'''
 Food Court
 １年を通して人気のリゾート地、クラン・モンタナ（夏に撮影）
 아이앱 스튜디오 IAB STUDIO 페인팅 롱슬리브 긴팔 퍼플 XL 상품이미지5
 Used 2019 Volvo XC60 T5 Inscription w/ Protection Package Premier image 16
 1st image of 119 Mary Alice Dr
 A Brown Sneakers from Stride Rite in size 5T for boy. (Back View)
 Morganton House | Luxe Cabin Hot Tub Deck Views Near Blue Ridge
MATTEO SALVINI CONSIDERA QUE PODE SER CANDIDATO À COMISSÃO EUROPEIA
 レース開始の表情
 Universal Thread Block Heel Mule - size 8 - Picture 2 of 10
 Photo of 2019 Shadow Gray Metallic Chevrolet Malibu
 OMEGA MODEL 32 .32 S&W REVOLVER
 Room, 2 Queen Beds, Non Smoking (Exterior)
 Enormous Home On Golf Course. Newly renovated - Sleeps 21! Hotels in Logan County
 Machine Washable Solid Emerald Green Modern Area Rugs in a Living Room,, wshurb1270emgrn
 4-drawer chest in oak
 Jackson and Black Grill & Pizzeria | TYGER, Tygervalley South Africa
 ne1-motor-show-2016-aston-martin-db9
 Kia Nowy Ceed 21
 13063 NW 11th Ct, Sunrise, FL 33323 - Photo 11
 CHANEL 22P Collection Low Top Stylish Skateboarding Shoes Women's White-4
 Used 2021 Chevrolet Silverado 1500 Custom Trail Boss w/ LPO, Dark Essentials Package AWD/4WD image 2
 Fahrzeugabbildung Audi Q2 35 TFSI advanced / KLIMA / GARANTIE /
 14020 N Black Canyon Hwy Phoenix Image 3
'''
Task item — Give only the number of lines in the data that hold the word "Black".

Task answer — 2